-- WHAT THE EXERCISE ASKS --
In the entries below, find the line with "Kasba Rape Case" and the line with "タント カスタムRS 禁煙". Repeat exactly everything between them, those two lines included, but not the pictures.

━━━ DATASET RECORDS ━━━

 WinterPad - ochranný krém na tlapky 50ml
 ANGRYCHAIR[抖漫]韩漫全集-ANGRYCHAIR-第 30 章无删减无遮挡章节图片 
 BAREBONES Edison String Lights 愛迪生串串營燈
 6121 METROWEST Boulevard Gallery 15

━━━
━━━ DATASET RECORDS ━━━

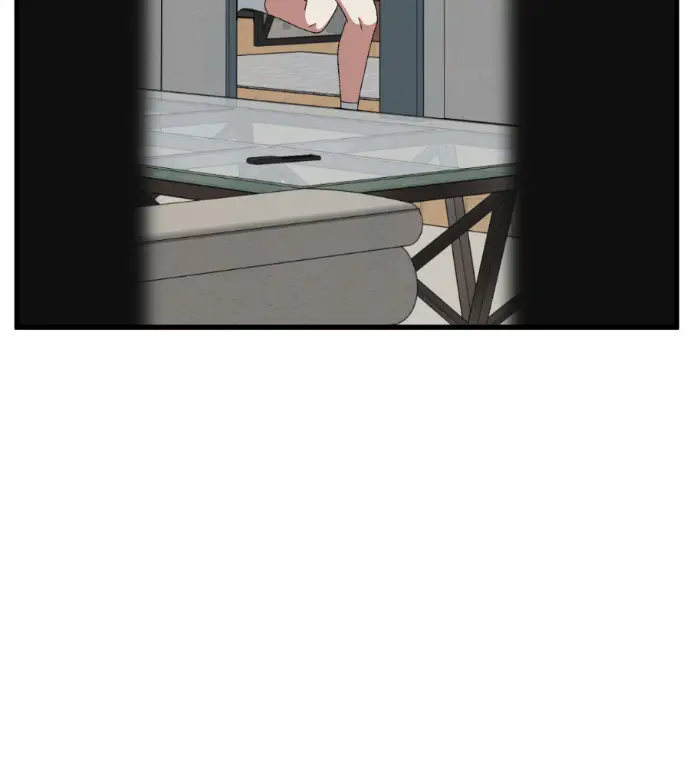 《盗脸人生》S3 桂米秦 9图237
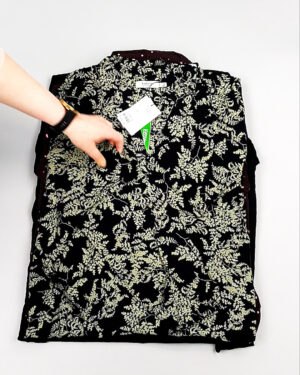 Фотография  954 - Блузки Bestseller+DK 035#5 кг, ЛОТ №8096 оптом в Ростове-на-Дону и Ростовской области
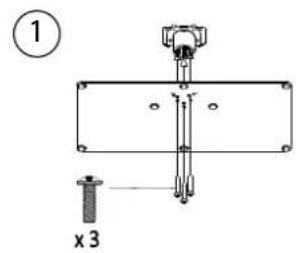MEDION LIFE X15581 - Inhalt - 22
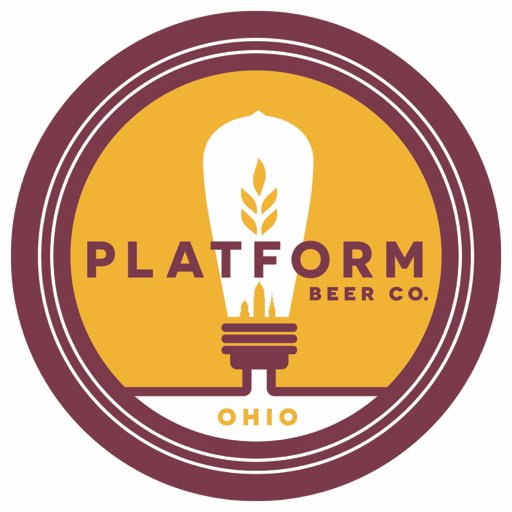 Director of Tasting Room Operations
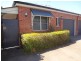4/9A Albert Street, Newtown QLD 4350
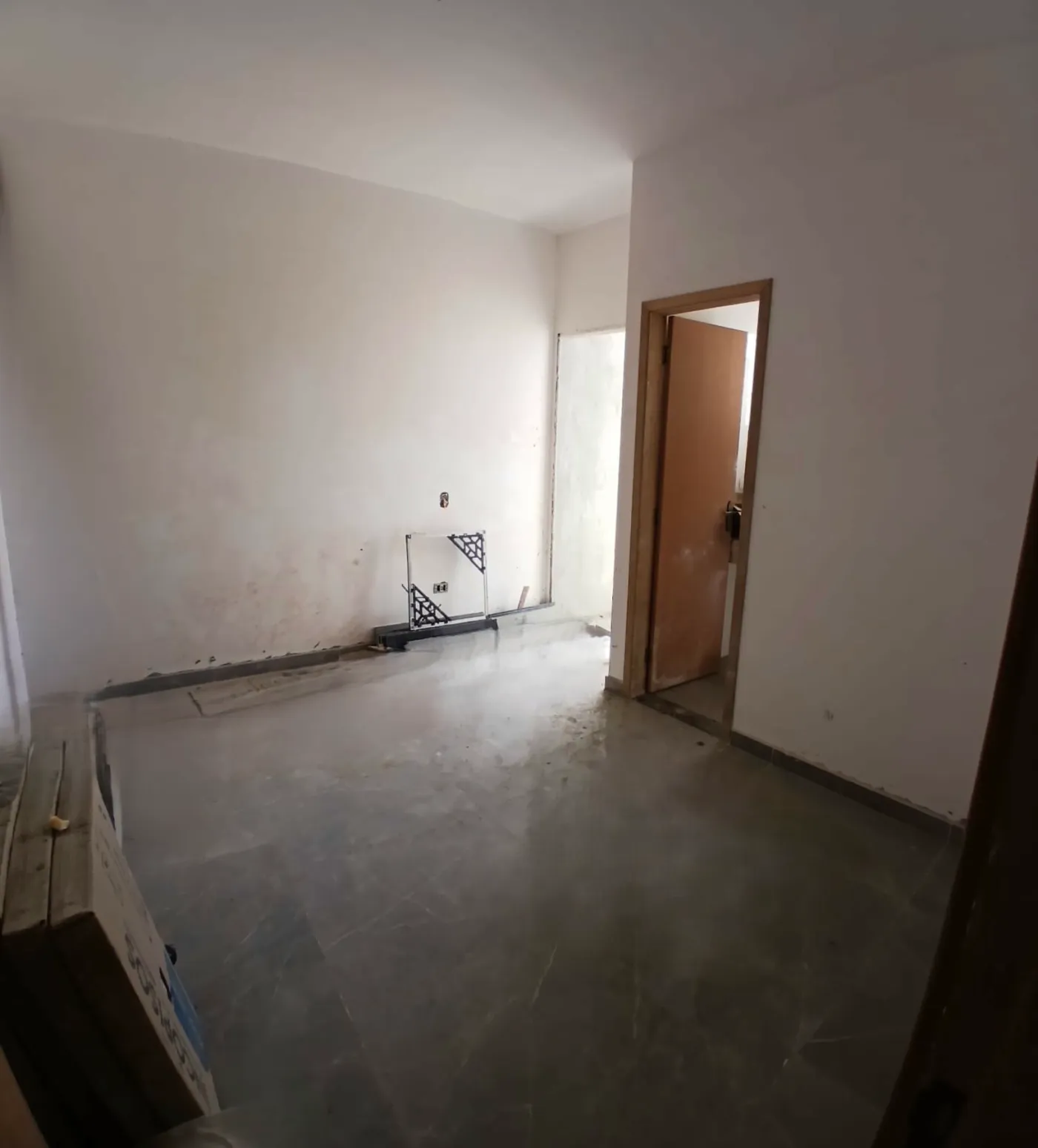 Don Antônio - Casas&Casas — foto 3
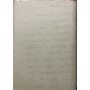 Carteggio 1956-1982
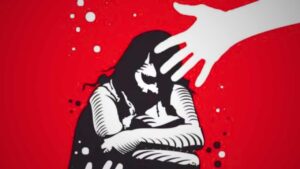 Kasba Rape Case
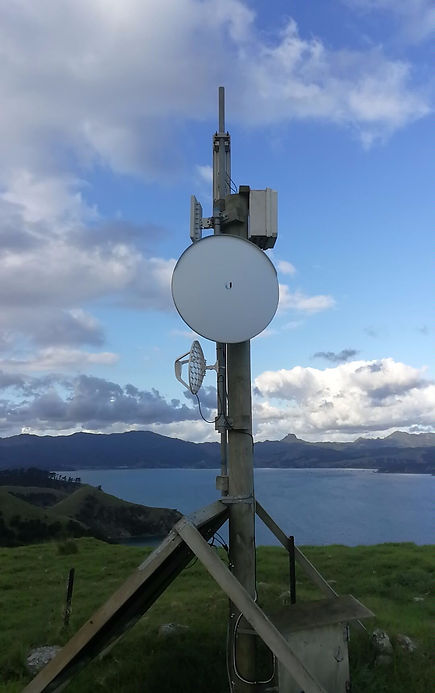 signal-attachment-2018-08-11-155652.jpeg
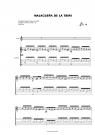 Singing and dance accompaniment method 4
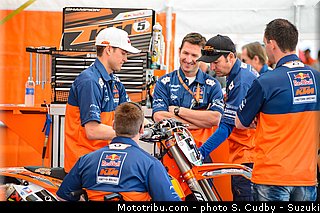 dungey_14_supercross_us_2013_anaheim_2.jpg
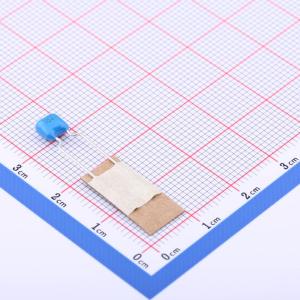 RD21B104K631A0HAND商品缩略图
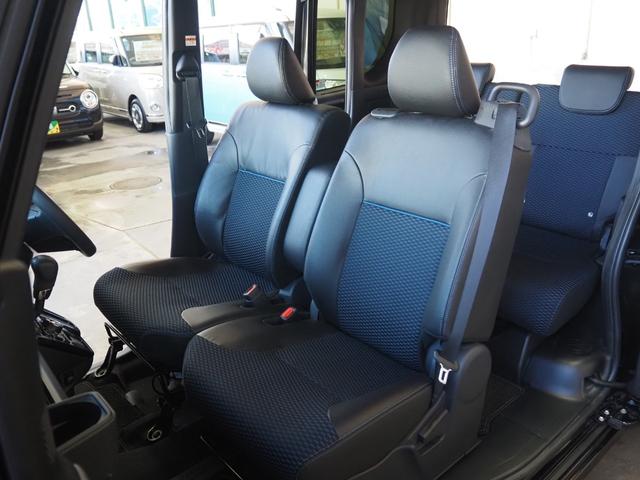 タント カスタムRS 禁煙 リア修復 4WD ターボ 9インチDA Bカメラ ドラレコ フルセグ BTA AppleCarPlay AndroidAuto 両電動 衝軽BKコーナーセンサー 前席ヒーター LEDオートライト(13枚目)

━━━

-- TASK RESULT --
 Kasba Rape Case
 signal-attachment-2018-08-11-155652.jpeg
 Singing and dance accompaniment method 4
 dungey_14_supercross_us_2013_anaheim_2.jpg
 RD21B104K631A0HAND商品缩略图
 タント カスタムRS 禁煙 リア修復 4WD ターボ 9インチDA Bカメラ ドラレコ フルセグ BTA AppleCarPlay AndroidAuto 両電動 衝軽BKコーナーセンサー 前席ヒーター LEDオートライト(13枚目)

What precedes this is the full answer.